The purpose of writing graded lab reports is to help students to stay on track and to provide summative feedback. Each lab report is just 1% of the total course mark. Please do not cheat - it is not worth it!
Solve the practical question, knit your document into a PDF and submit to NTULearn before the deadline. The deadline is very tight because the task is simple. We are sure that everyone is capable to do it by themselves and we want to discourage taking someone else’s report and writing it with your own words.

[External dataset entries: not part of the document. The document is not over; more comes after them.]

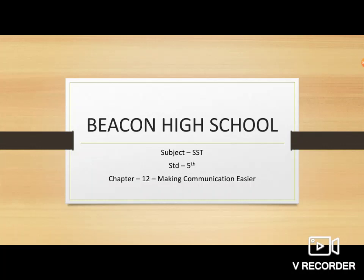Hello students, today we are going to learn chapter 12, Making Communication Easier.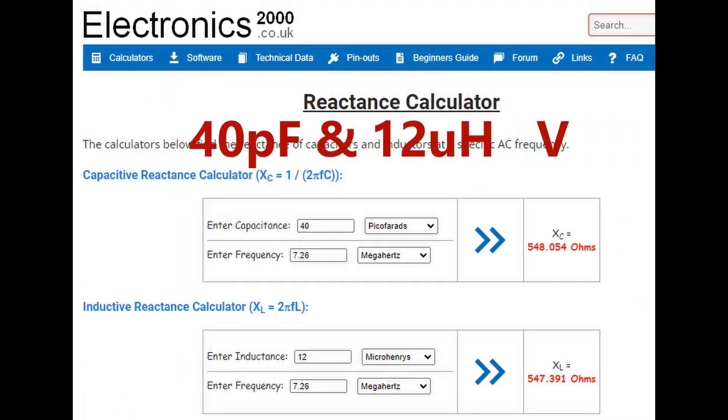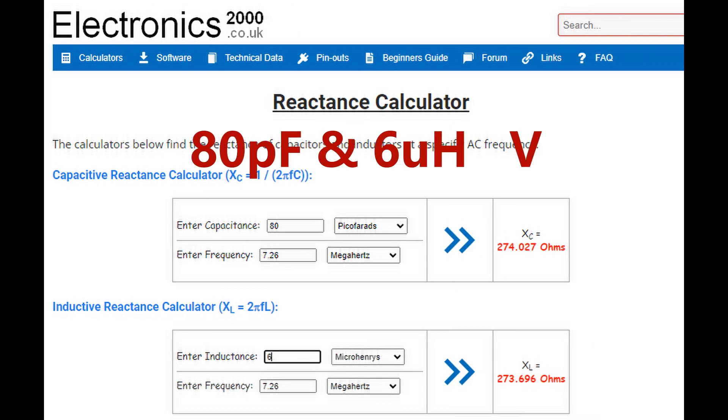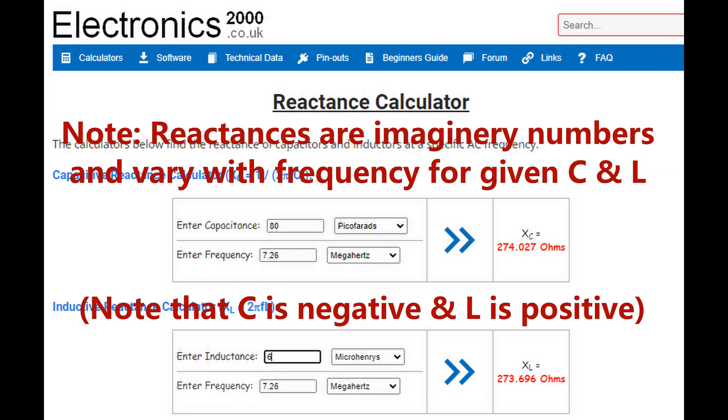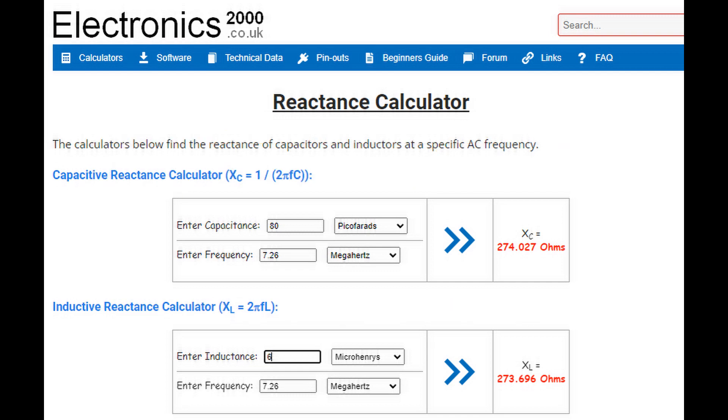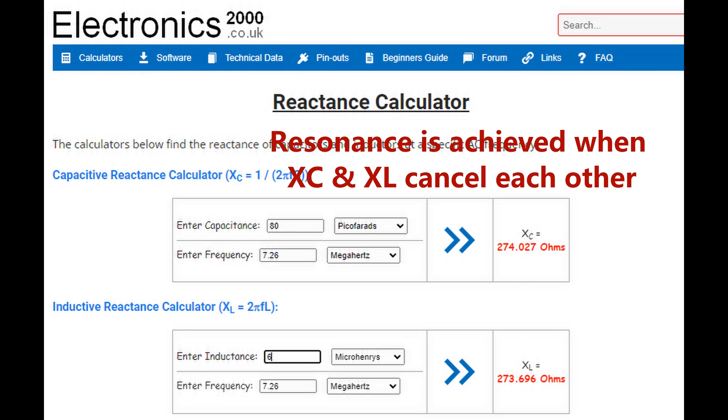The difference is that when you calculate the reactance measured in ohms, it's different with different values, and that may be important in some cases. You can interpolate between these values. For example, if you had 5 microhenry or 4.7 microhenry, you'll find that 100 picofarad will resonate with that, again on 7 megahertz or 40 meters.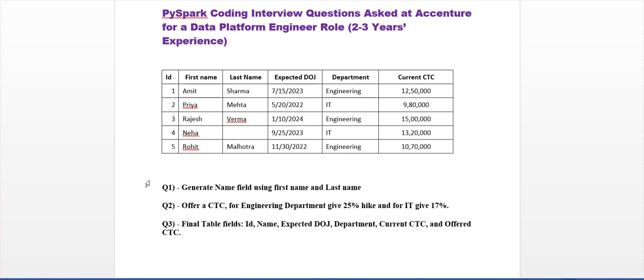They want only a name field, so we need to concatenate first name and last name. Also, for the current CTC, we need to write logic to offer them a fixed CTC.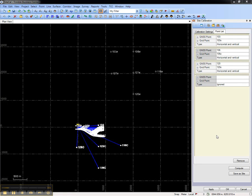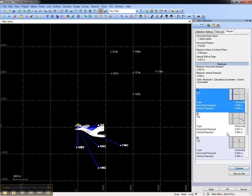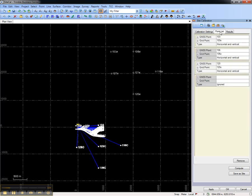Once the Point List is complete, choose Compute to compute the site calibration. Review the site calibration statistics as well as residuals for each of the points included in the Point List. You can move back to the Point List to ignore a given point or to add new points.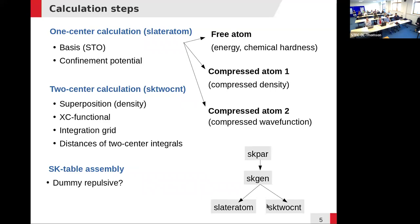The two low-level programs — slater-atom and sk2cent — have input that's not the nicest to use, so there is a script called skgen that drives both programs. You will work with skgen directly; you only need to look at the input and output of the low-level programs if something goes wrong, which doesn't happen that often. There is also a tool called skpar that can drive skgen and run a particle swarm optimization: you specify a target band structure, set free parameters, and skpar iterates until the computed band structure matches the target closely enough.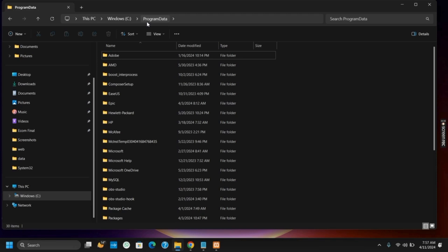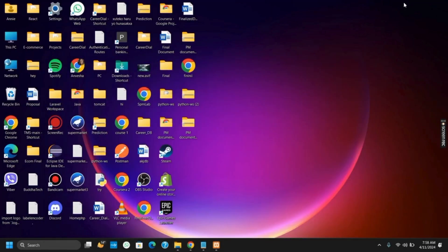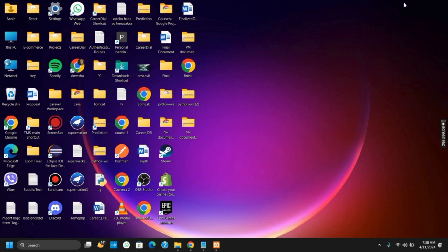Once you are in the AnyDesk folder, you will see multiple files and folders under it. You have to specifically search for the file named service.config or conf, and once you find it, make sure to delete that file.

You will get “excellent”, or 100% for this lab report if everything
is perfect. You will get “good”, or 75% if there are minor issues. For
example, you will get “good” if you do data normalization manually
instead of using built-in R functions learned in the lab session of if
you use loops instead of functions from the apply
family.
You will get “average”, or 50% if there are serious issues in your
report, such as failing to do normalization for KNN at all. You will get
“poor”, or 25% if you barely attempt this report. You will get “not
done”, or 0% if you do not attempt this report.
17 Jul 2020, midnight
Here, we load libraries and set the random seed. Replace the number “1729” with the numeric part of your matric no here.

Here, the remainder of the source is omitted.